Ici, les intérêts des parties concernées jouent un rôle significatif dans l'évaluation de l'information sur  l'article paru dans la revue Nature.

Aussi bien les intérêts commerciaux intervenus dans le processus d'information que les intérêts militants des personnes qui ont démasqué les opérations d'influence. Ce sont des intérêts opposés, militants contre commerciaux.
Le site Web personnel du journaliste Georges Monbiot reflète également ses opinions.  Il est utile de le savoir, mais cela n’empêche pas que le démontage de l’opération clandestine d’influence est assez solidement étayé. Et cela ne l’empêche pas de reconnaître que l’article de Nature comportait des défauts de méthodologie, tout en faisant observer que cet article aurait pu être critiqué par des voies plus normales, dans d’autres articles scientifiques, comme il est courant dans le domaine.

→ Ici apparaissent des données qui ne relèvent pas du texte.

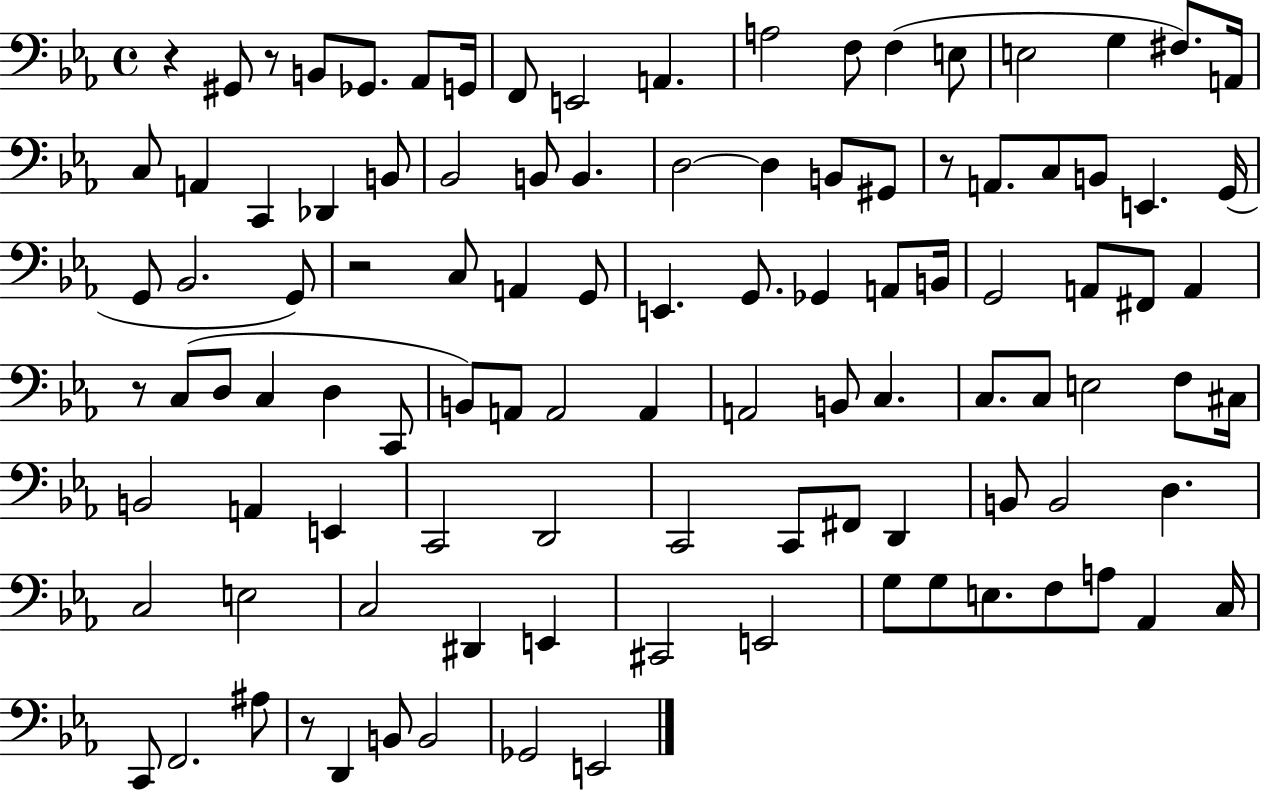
X:1
T:Untitled
M:4/4
L:1/4
K:Eb
z ^G,,/2 z/2 B,,/2 _G,,/2 _A,,/2 G,,/4 F,,/2 E,,2 A,, A,2 F,/2 F, E,/2 E,2 G, ^F,/2 A,,/4 C,/2 A,, C,, _D,, B,,/2 _B,,2 B,,/2 B,, D,2 D, B,,/2 ^G,,/2 z/2 A,,/2 C,/2 B,,/2 E,, G,,/4 G,,/2 _B,,2 G,,/2 z2 C,/2 A,, G,,/2 E,, G,,/2 _G,, A,,/2 B,,/4 G,,2 A,,/2 ^F,,/2 A,, z/2 C,/2 D,/2 C, D, C,,/2 B,,/2 A,,/2 A,,2 A,, A,,2 B,,/2 C, C,/2 C,/2 E,2 F,/2 ^C,/4 B,,2 A,, E,, C,,2 D,,2 C,,2 C,,/2 ^F,,/2 D,, B,,/2 B,,2 D, C,2 E,2 C,2 ^D,, E,, ^C,,2 E,,2 G,/2 G,/2 E,/2 F,/2 A,/2 _A,, C,/4 C,,/2 F,,2 ^A,/2 z/2 D,, B,,/2 B,,2 _G,,2 E,,2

TROISIEME EXEMPLE : L'AFFAIRE EMULEX

Ici, c'est un particulier qui va injecter directement  une fausse information dans le circuit des news financières pour son propre profit. L'affaire se déroule en août 2000 aux Etats-Unis.

Marc Simeon Jakob envoie un faux communiqué de presse prétendu provenir de la société Emulex, annonçant que celle-ci fait l'objet d'une enquête de la SEC, la Securities and Exchange Commission (l’organisme équivalent de la COB en France ). Le faux communiqué indique que le patron d'Emulex a démissionné, que la société révise ses profits à la baisse pour le trimestre précédent.

Le faux communiqué de presse avait été envoyé à Internet Wired, à la rédaction de nuit. Publiée aussitôt, la fausse information est reprise par le service d’informations financières Bloomberg et Business Wire, puis essaime un peu partout. Les rédacteurs de ces agences financières ont essayé de vérifier l'information, mais l'heure et le décalage horaire aidant, ils ne parviennent pas à joindre la direction d'Emulex en Californie et publient.
Immédiatement, le cours de la société Emulex s'effondre à la Bourse. Dans les 16 minutes qui suivent la publication en cascade du faux communiqué, 2,3 millions de titres sont vendus et le prix de l'action fond. L'auteur de la fausse information empoche plus de 250 000 dollars au passage, mais n'en profitera pas plus d'une semaine, puisqu'il se fait arrêter. Il sera condamné à rembourser ses gains augmentés d'une amende, ainsi qu'à 44 mois de prison.
Ancien employé de la société Internet Wired, le jeune homme de 23 ans avait parfaitement compris la mécanique d'urgence propre à la presse et, jouant à dessein sur l'heure tardive d'envoi de son faux communiqué, tablait sur le fait que la pseudo-information serait injectée dans le circuit sans pouvoir être vérifiée à temps.

Ces trois cas posent la question de la fiabilité de l'information.
Ils montrent le processus de désin-formation volontaire ou involontaire, et certains mécanismes d’injection de données dans le circuit de l’information.
Il est possible de questionner la fiabilité de l'information. En considérant que l’information est un flux et que son état à un moment donné n’est qu’un fragment. En recherchant l'origine de l'information et la mécanique qui l'a fait naître, qui l’éclaire, la brise ou  l'influence.
Ce qui exige de creuser l'information, de la compléter, de la mettre en perspective.
Bref, de ne pas en avaler qu’une seule bouchée ni de l'avaler telle quelle.